▶ [Activity]: Please restate the entries below word for word, leaving out any pictures.

▶ [Provided data]:

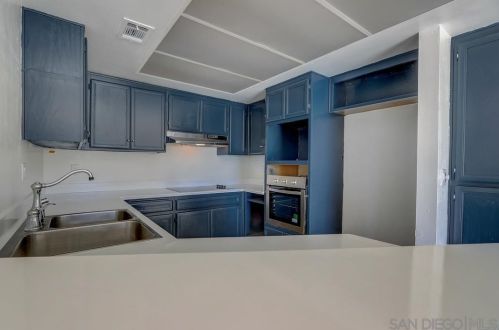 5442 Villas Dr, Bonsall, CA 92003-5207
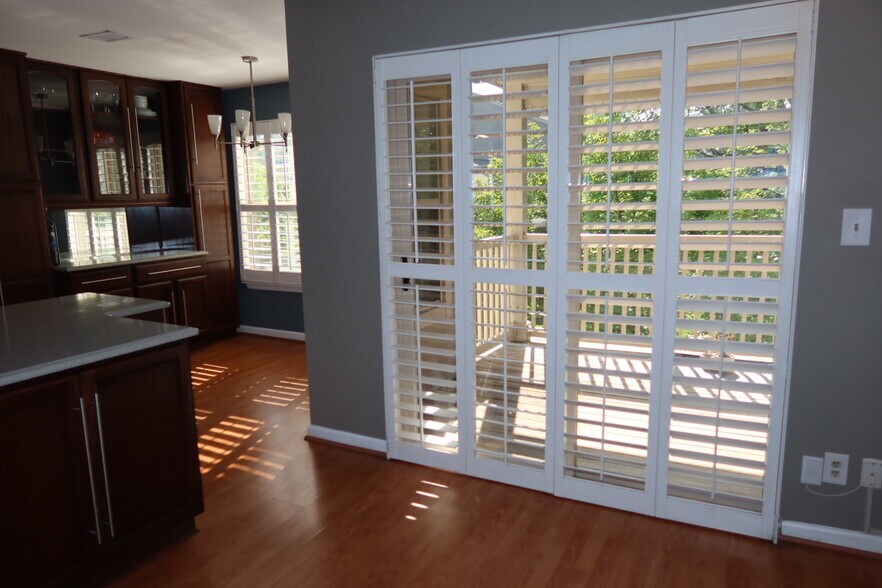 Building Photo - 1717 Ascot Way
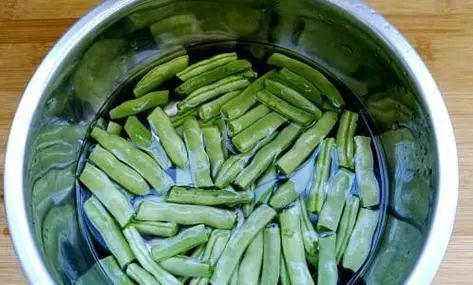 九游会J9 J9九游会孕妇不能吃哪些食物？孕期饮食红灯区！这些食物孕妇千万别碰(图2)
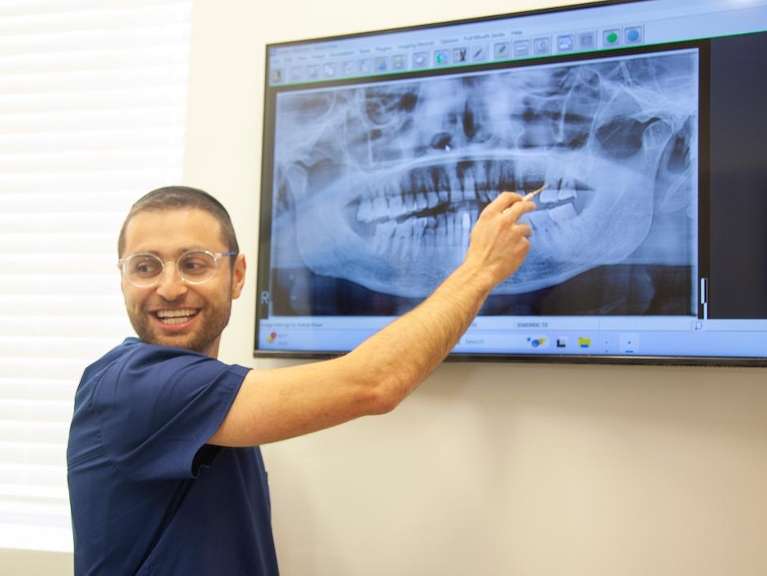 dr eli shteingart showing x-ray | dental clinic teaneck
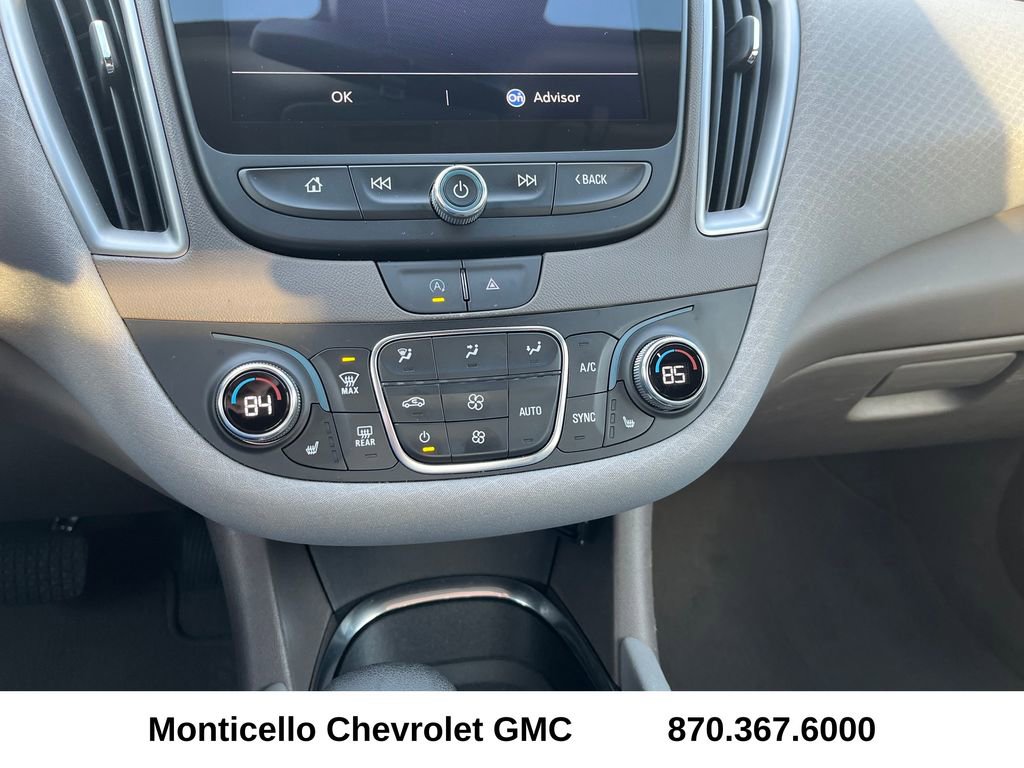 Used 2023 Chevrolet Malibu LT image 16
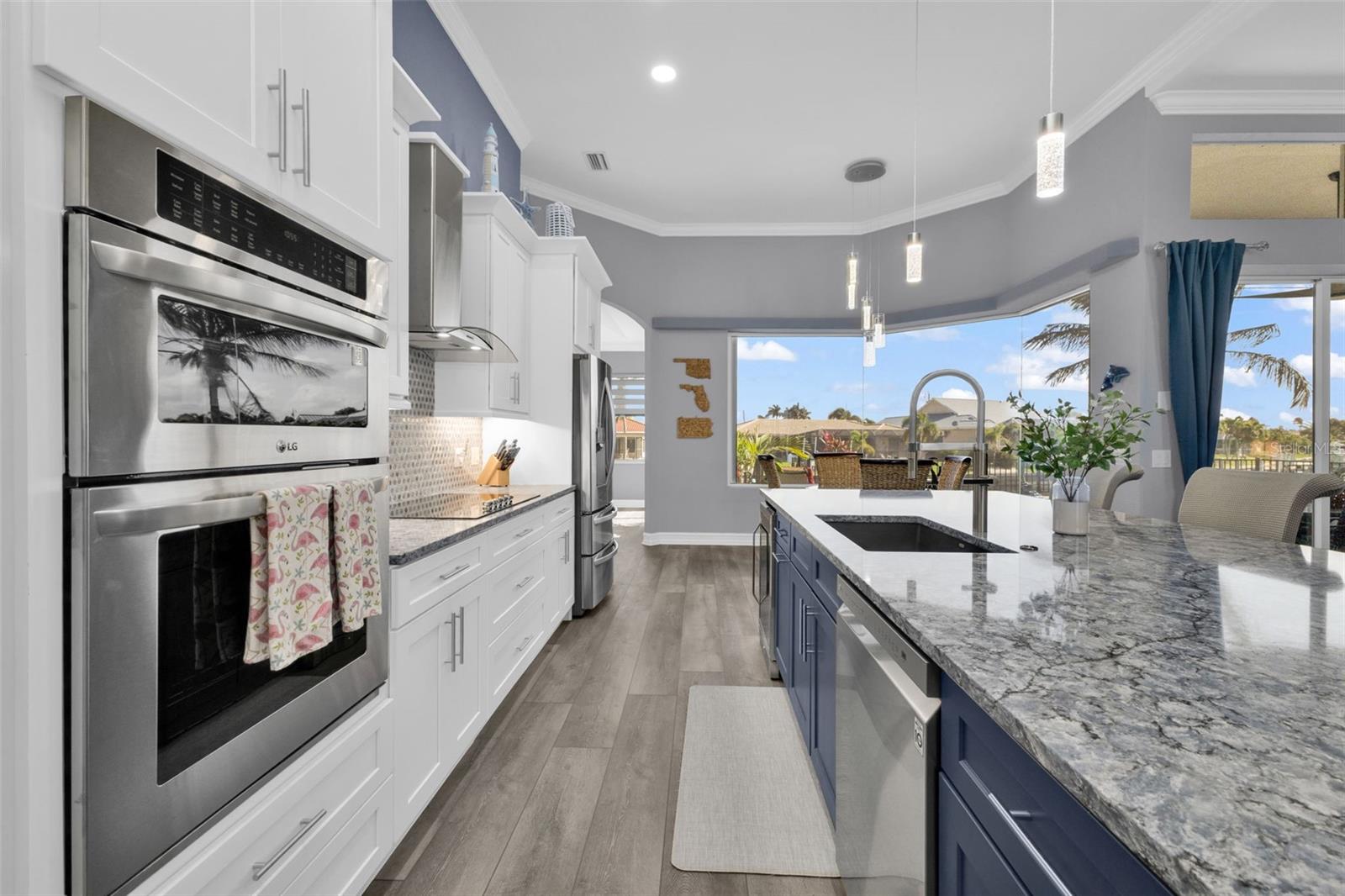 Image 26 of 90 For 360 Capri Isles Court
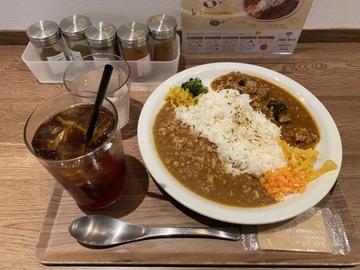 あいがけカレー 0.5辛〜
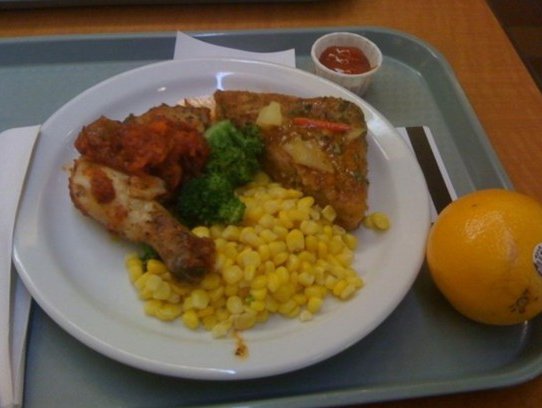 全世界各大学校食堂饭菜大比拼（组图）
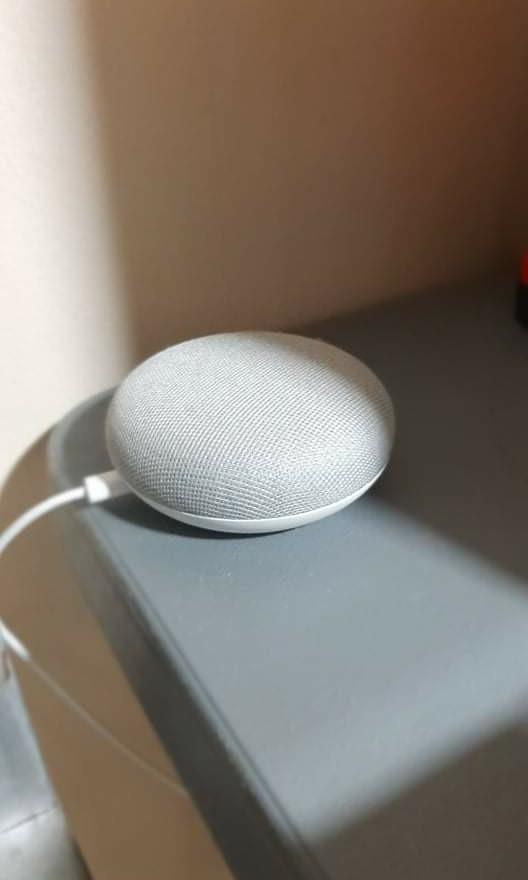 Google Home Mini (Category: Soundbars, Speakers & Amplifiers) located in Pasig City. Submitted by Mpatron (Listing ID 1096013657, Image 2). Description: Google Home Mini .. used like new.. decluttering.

▶ [Solution to this task]:
 5442 Villas Dr, Bonsall, CA 92003-5207
 Building Photo - 1717 Ascot Way
 九游会J9 J9九游会孕妇不能吃哪些食物？孕期饮食红灯区！这些食物孕妇千万别碰(图2)
 dr eli shteingart showing x-ray | dental clinic teaneck
 Used 2023 Chevrolet Malibu LT image 16
 Image 26 of 90 For 360 Capri Isles Court
 あいがけカレー 0.5辛〜
 全世界各大学校食堂饭菜大比拼（组图）
 Google Home Mini (Category: Soundbars, Speakers & Amplifiers) located in Pasig City. Submitted by Mpatron (Listing ID 1096013657, Image 2). Description: Google Home Mini .. used like new.. decluttering.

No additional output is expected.